** Dataset extract follows **

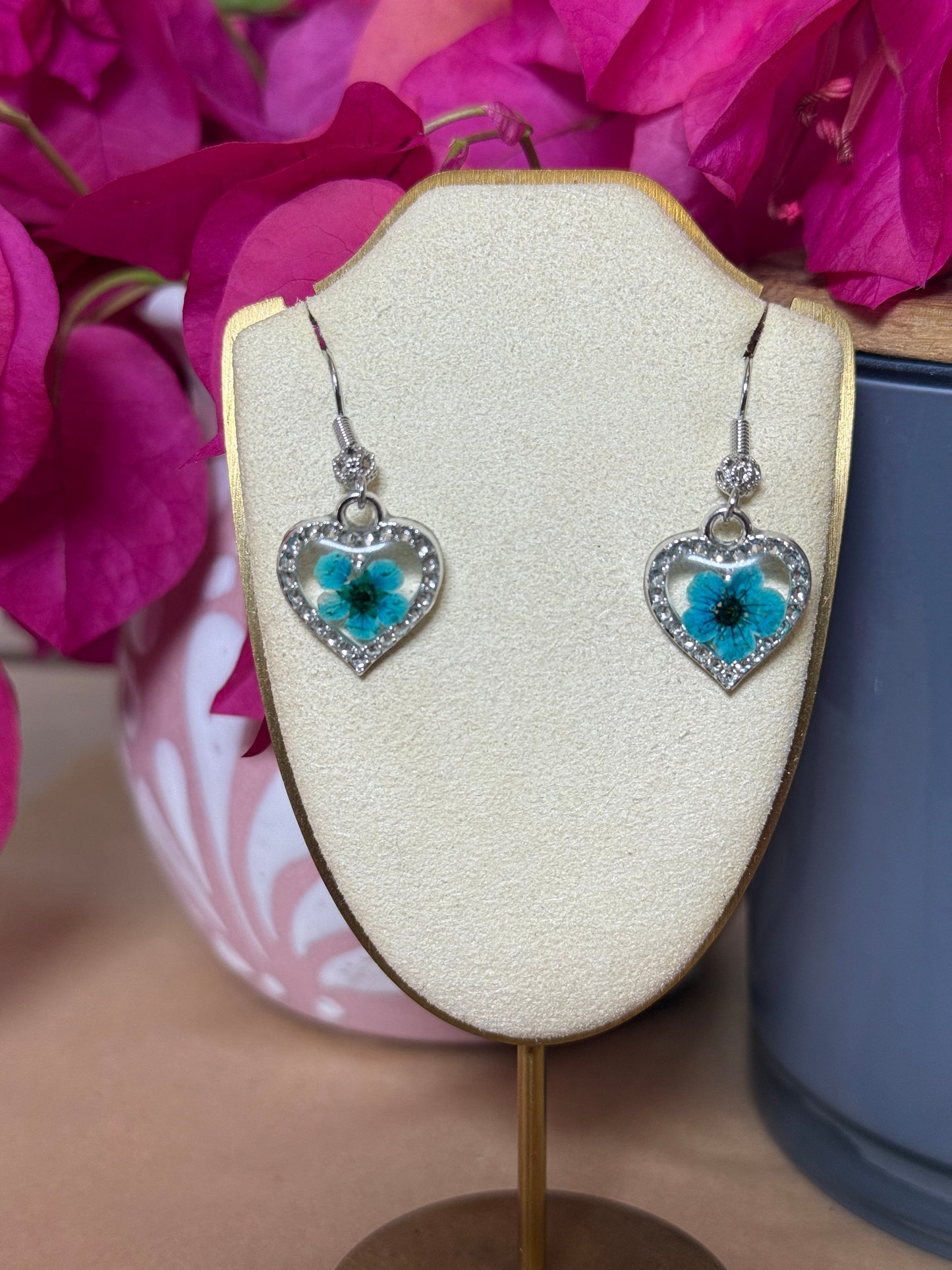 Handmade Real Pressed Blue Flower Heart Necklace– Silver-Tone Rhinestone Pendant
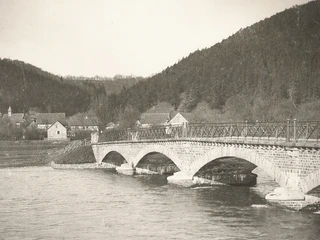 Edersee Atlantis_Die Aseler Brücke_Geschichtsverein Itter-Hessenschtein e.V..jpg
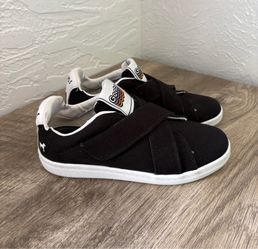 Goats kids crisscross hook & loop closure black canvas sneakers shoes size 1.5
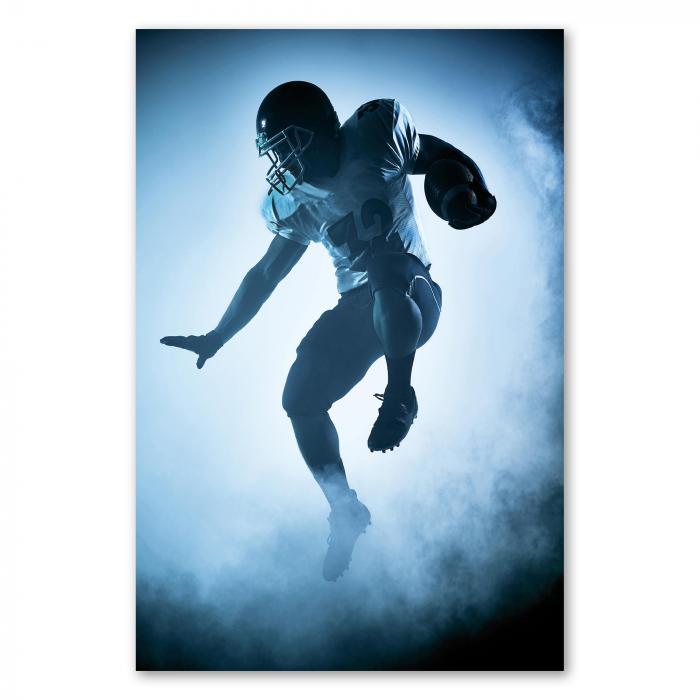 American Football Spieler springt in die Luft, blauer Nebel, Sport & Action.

** End of Dataset extract **

* _What you will do_
Give every line above again exactly, omitting whatever pictures appear.

* _Solution below_
 Handmade Real Pressed Blue Flower Heart Necklace– Silver-Tone Rhinestone Pendant
 Edersee Atlantis_Die Aseler Brücke_Geschichtsverein Itter-Hessenschtein e.V..jpg
 Goats kids crisscross hook & loop closure black canvas sneakers shoes size 1.5
 American Football Spieler springt in die Luft, blauer Nebel, Sport & Action.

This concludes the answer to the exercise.